━━━ GIVEN ENTRIES ━━━
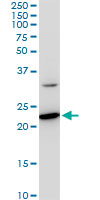 SEC22B Antibody - SEC22B monoclonal antibody (M03), clone 5A10. Western blot of SEC22B expression in PC-12.
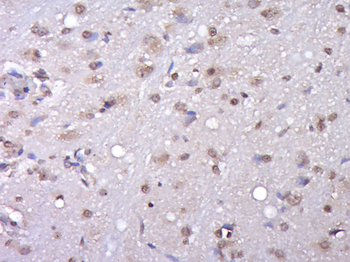 KIAA1107 Rabbit Polyclonal Antibody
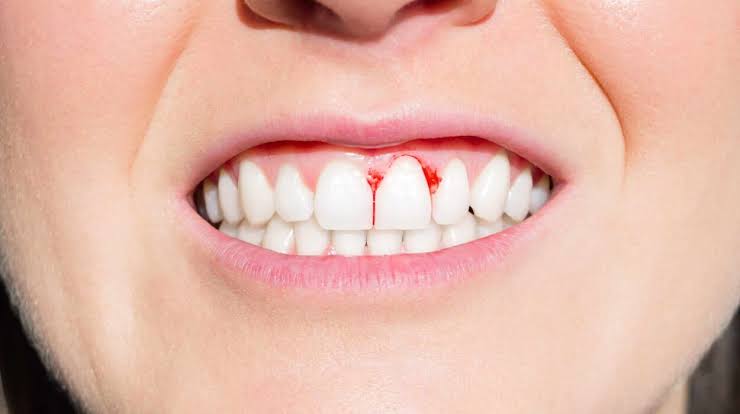 Why Do Gums Bleed? Causes, Prevention & Relief 2026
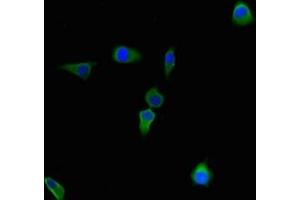 Immunofluorescent analysis of Hela cells using ABIN7148034 at dilution of 1:100 and Alexa Fluor 488-congugated AffiniPure Goat Anti-Rabbit IgG(H+L) (CBWD2 抗体  (AA 96-395))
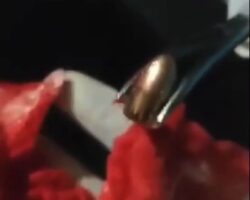 Extracting bullet from woman’s shoulder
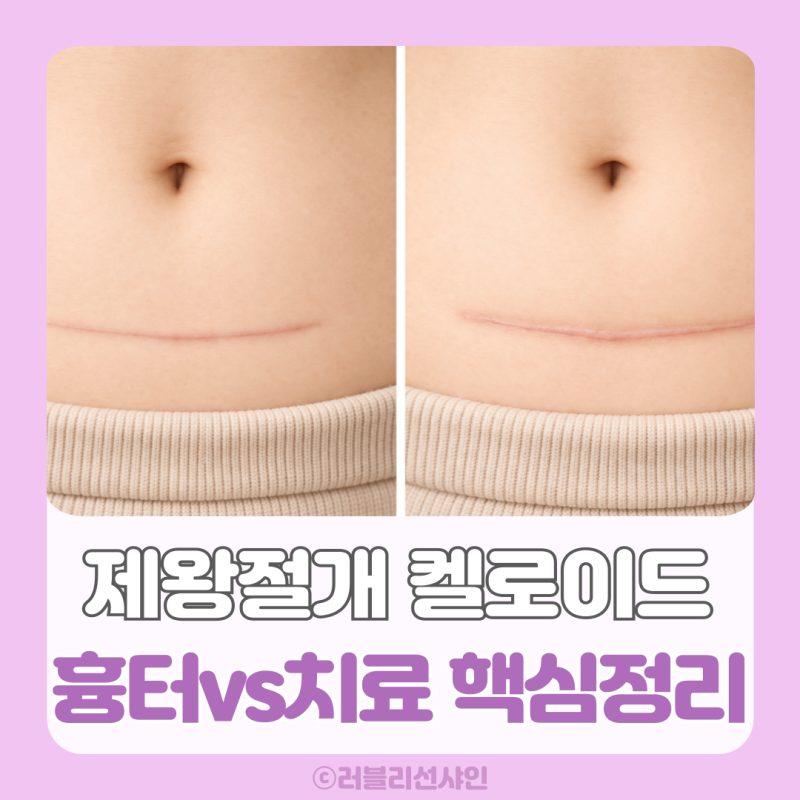제왕절개 켈로이드 원인 흉터 부터 주사 비용 연고까지 한 번에 정리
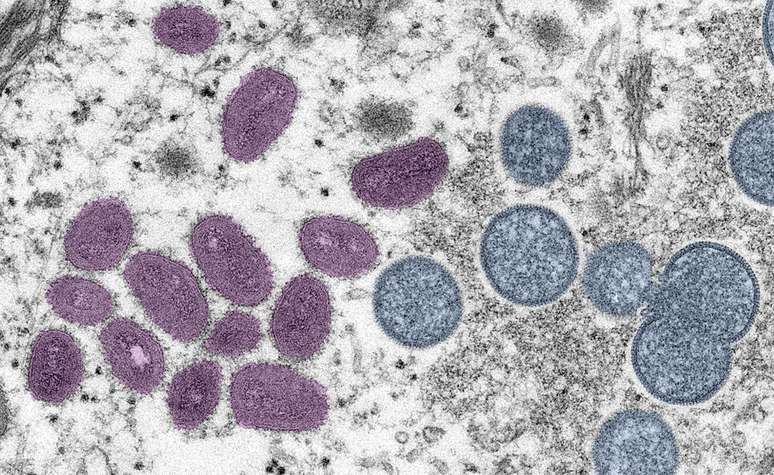 Imagem de microscopia eletrônica (EM) colorida digitalmente representando fragmentos do vírus da varíola de macaco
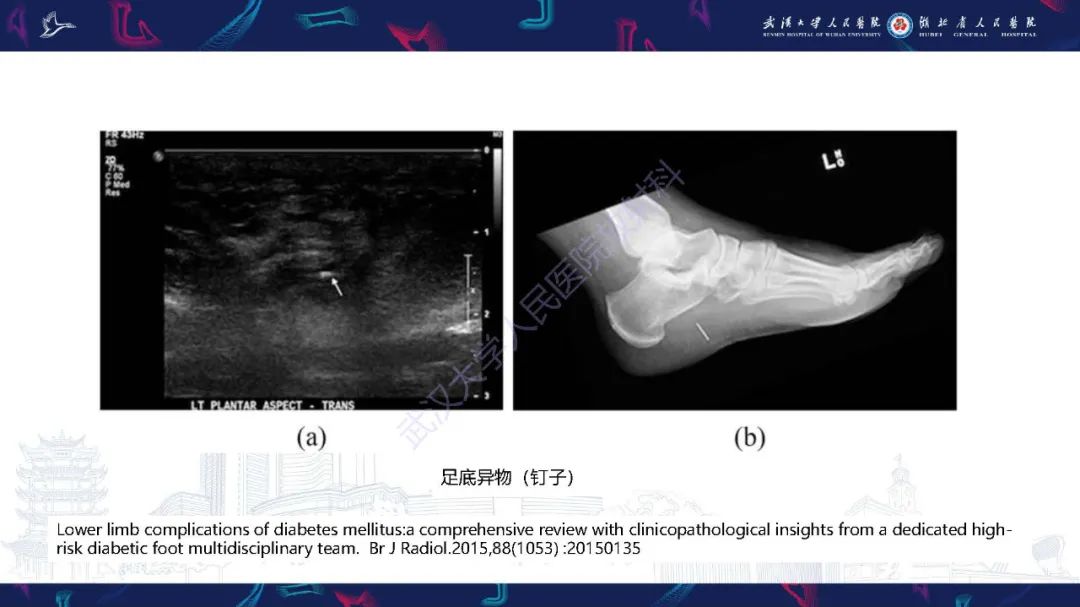 影像PPT - 【PPT】糖尿病足影像诊断-12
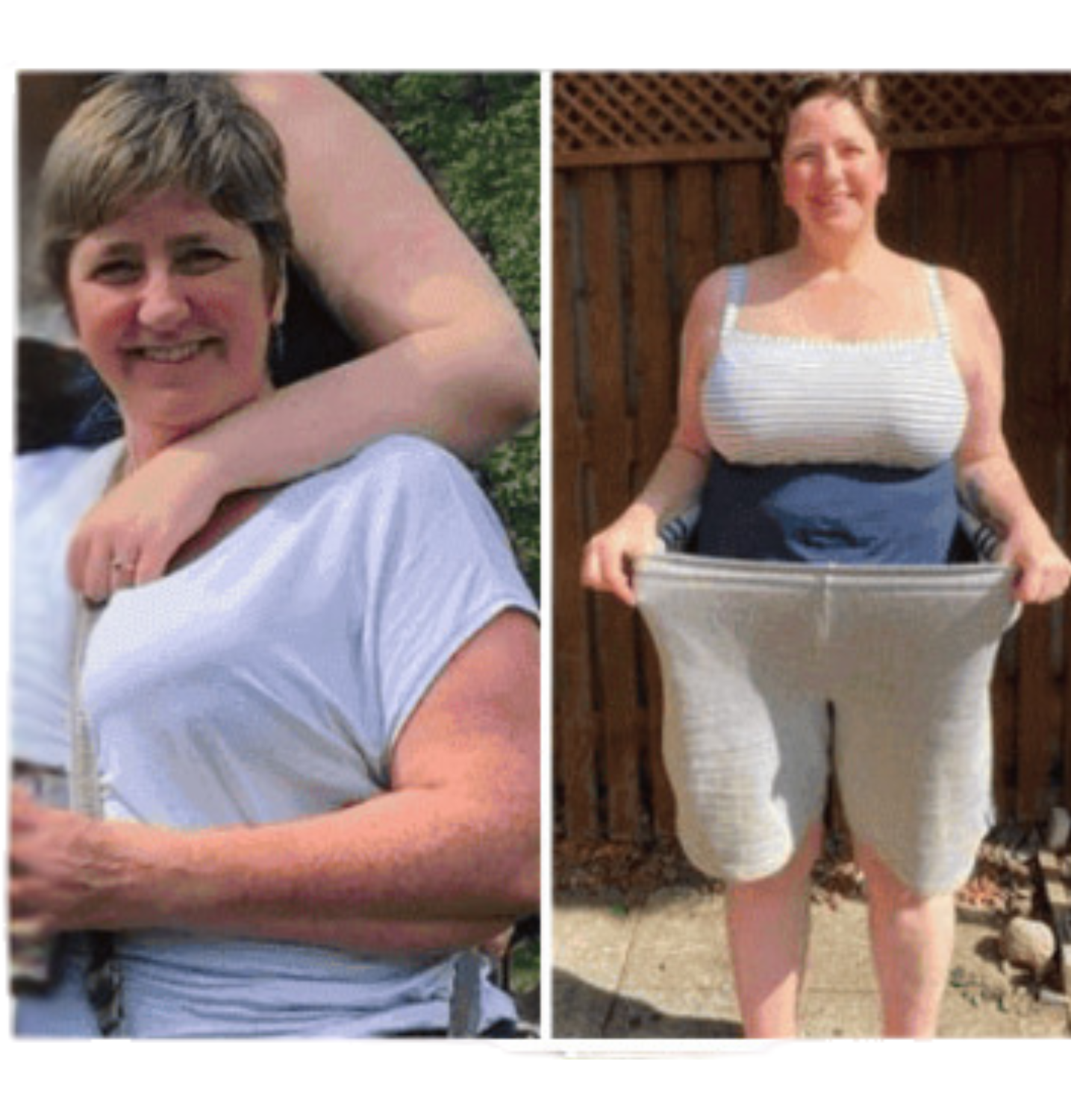 Antes e depois Ozemp Sole 3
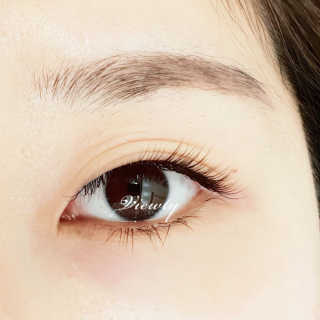 Viewty Skin and Lash [ViewtySkin＆Lash] 종아리 림프순환 부종관리 — 5점을 준 리뷰어가 2019년 4월 올린 사용 사진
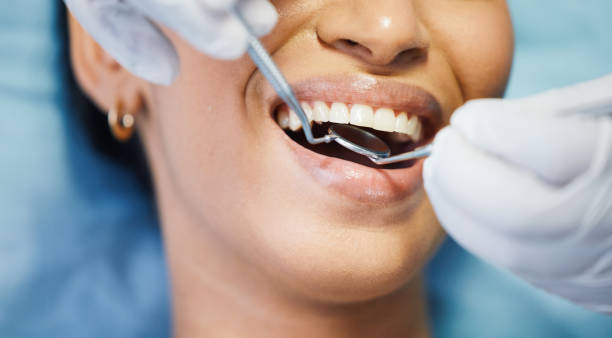 Best Lost Filling or Crown Replacement in Scott, LA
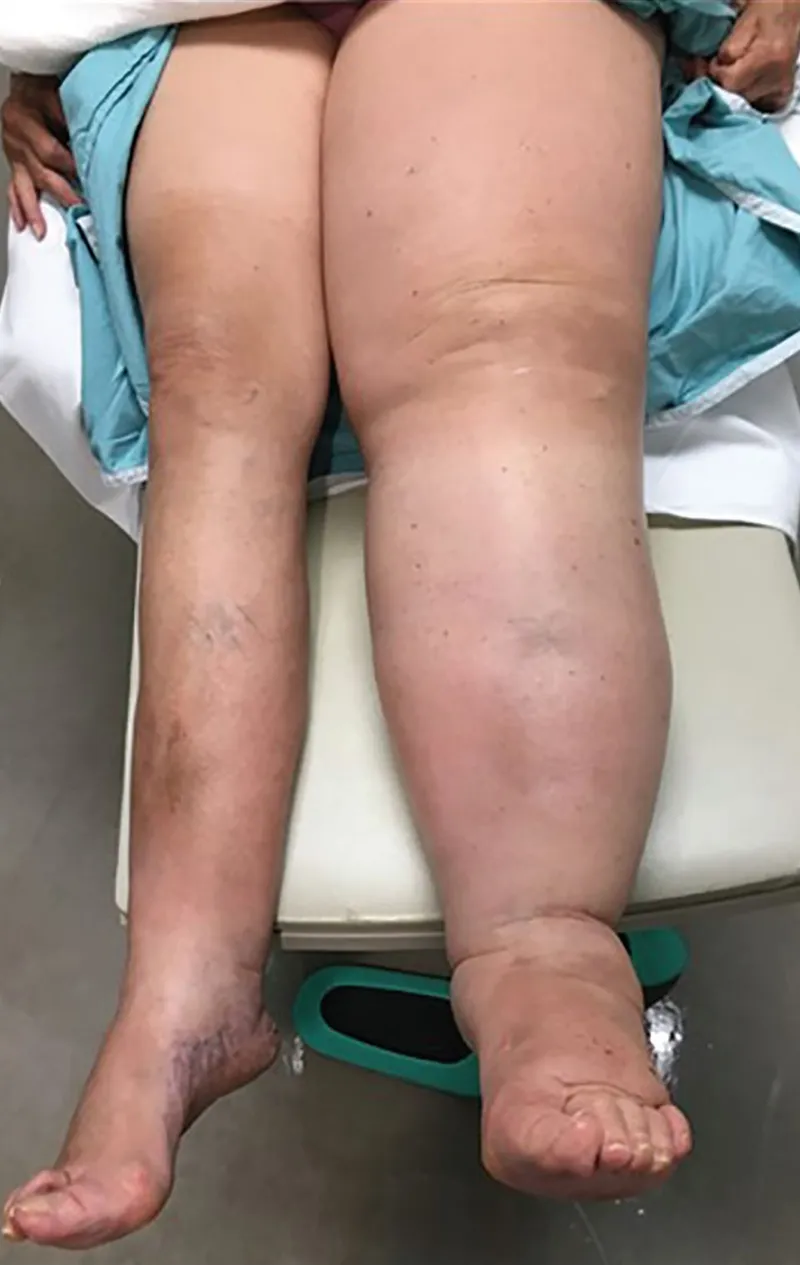 Lymphedema of lower limbs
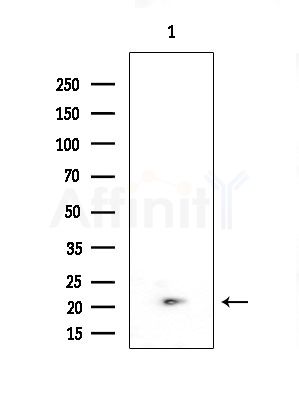 HLA-DQB2 Antibody - Western blot analysis of extracts from 293 cells(starvation treatment), using HLA-DQB2 Antibody at 1/1000 dilution.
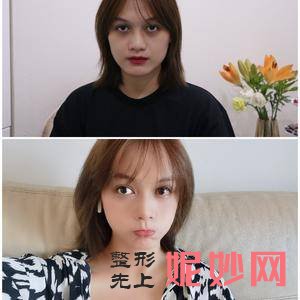 沈阳杏林整形外科医院朱铎鹏医生靠谱吗_牙齿不齐靠谱吗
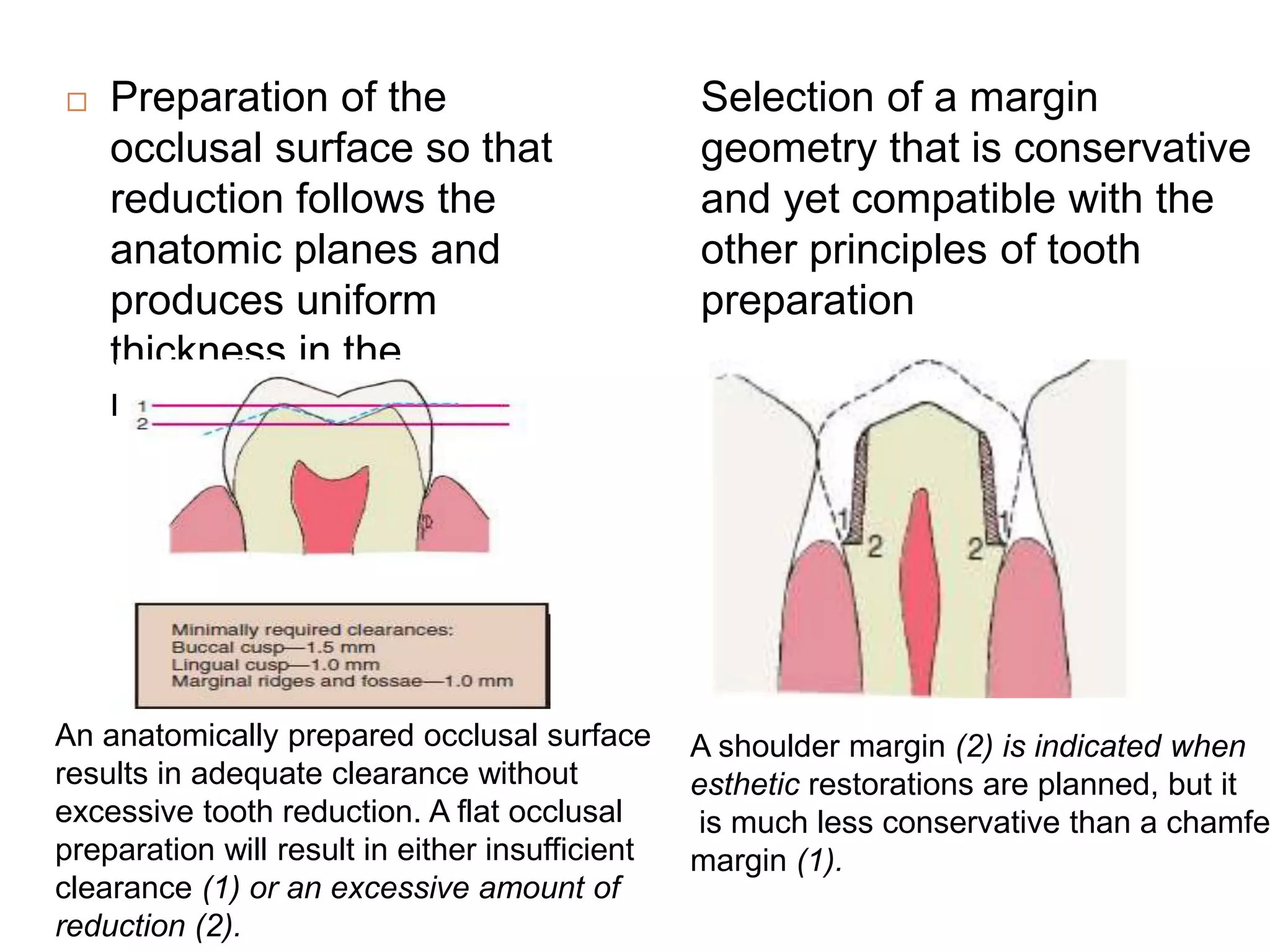 Preparation of the
occlusal surface so that
reduction follows the
anatomic planes and
produces uniform
thickness in the
restoration.
A shoulder margin (2) is indicated when
esthetic restorations are planned, but it
is much less conservative than a chamfe
margin (1).
An anatomically prepared occlusal surface
results in adequate clearance without
excessive tooth reduction. A flat occlusal
preparation will result in either insufficient
clearance (1) or an excessive amount of
reduction (2).
Selection of a margin
geometry that is conservative
and yet compatible with the
other principles of tooth
preparation
 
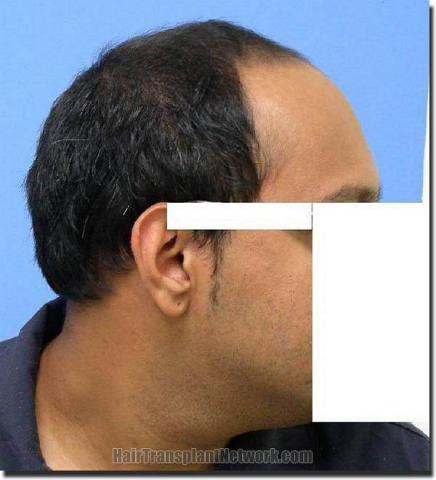 Hair restoration procedure results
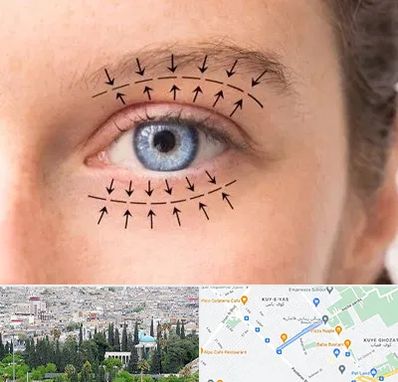 عمل افتادگی پلک در محلاتی شیراز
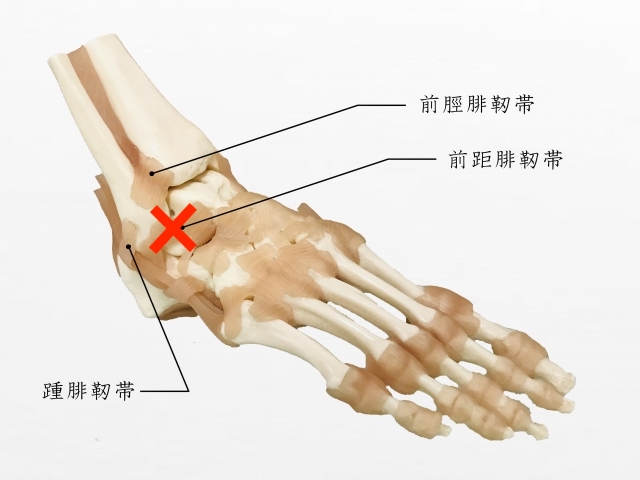 足の関節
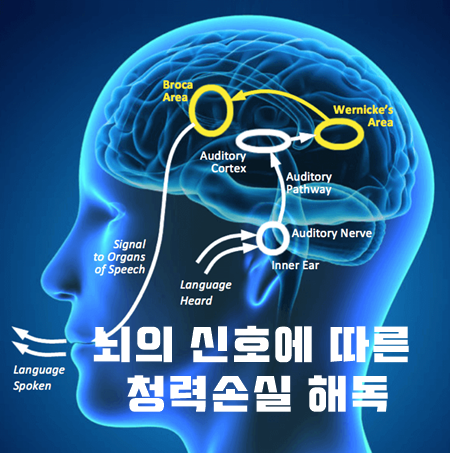  [연구] 뇌의 신호를 통한 청력 손실 해독 - 이편한보청기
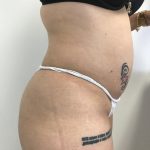 Brazilian Butt Lift Before & After Patient #6001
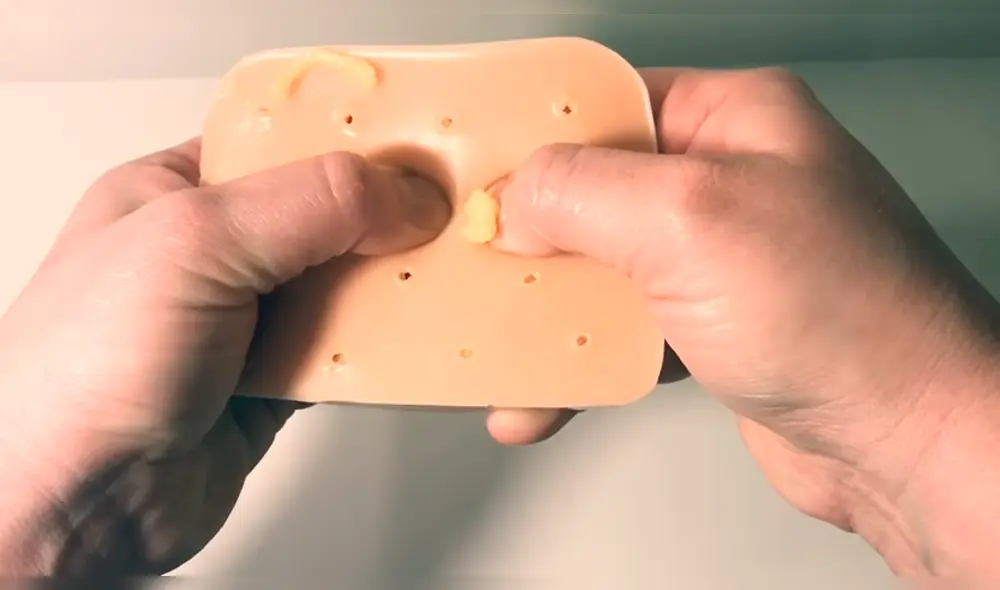 YouTube Viral: Lanzan juguete antiestrés para reventar granos llenos de pus [VIDEO]
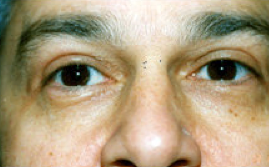 blepahroplasty after 476583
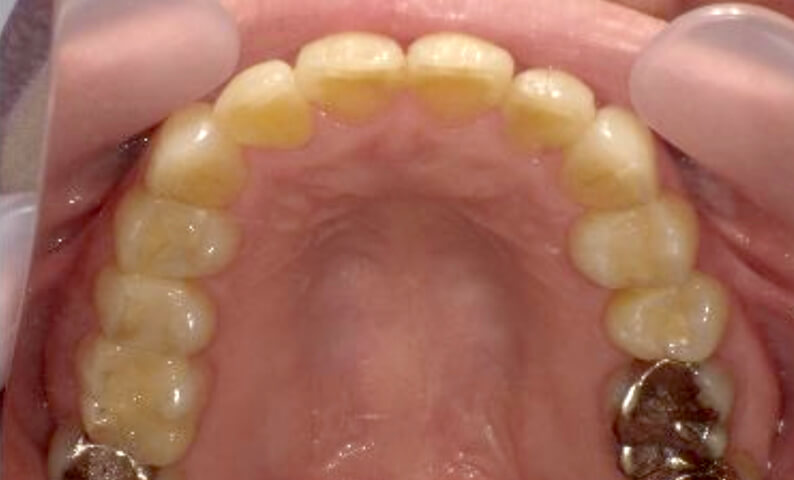 部分矯正 40代の症例写真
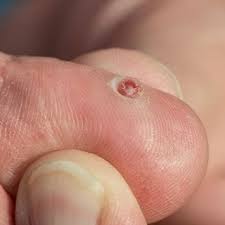 Image result for Pyogenic Granuloma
━━━
ACTION ITEM →
Please, without any of the pictures, set down exactly the lines from the beginning of the listing to the line that contains "Hair restoration procedure results", inclusive.

RESPONSE BELOW →
 SEC22B Antibody - SEC22B monoclonal antibody (M03), clone 5A10. Western blot of SEC22B expression in PC-12.
 KIAA1107 Rabbit Polyclonal Antibody
 Why Do Gums Bleed? Causes, Prevention & Relief 2026
 Immunofluorescent analysis of Hela cells using ABIN7148034 at dilution of 1:100 and Alexa Fluor 488-congugated AffiniPure Goat Anti-Rabbit IgG(H+L) (CBWD2 抗体  (AA 96-395))
 Extracting bullet from woman’s shoulder
제왕절개 켈로이드 원인 흉터 부터 주사 비용 연고까지 한 번에 정리
 Imagem de microscopia eletrônica (EM) colorida digitalmente representando fragmentos do vírus da varíola de macaco
 影像PPT - 【PPT】糖尿病足影像诊断-12
 Antes e depois Ozemp Sole 3
 Viewty Skin and Lash [ViewtySkin＆Lash] 종아리 림프순환 부종관리 — 5점을 준 리뷰어가 2019년 4월 올린 사용 사진
 Best Lost Filling or Crown Replacement in Scott, LA
 Lymphedema of lower limbs
 HLA-DQB2 Antibody - Western blot analysis of extracts from 293 cells(starvation treatment), using HLA-DQB2 Antibody at 1/1000 dilution.
 沈阳杏林整形外科医院朱铎鹏医生靠谱吗_牙齿不齐靠谱吗
 Preparation of the
occlusal surface so that
reduction follows the
anatomic planes and
produces uniform
thickness in the
restoration.
A shoulder margin (2) is indicated when
esthetic restorations are planned, but it
is much less conservative than a chamfe
margin (1).
An anatomically prepared occlusal surface
results in adequate clearance without
excessive tooth reduction. A flat occlusal
preparation will result in either insufficient
clearance (1) or an excessive amount of
reduction (2).
Selection of a margin
geometry that is conservative
and yet compatible with the
other principles of tooth
preparation
 
 Hair restoration procedure results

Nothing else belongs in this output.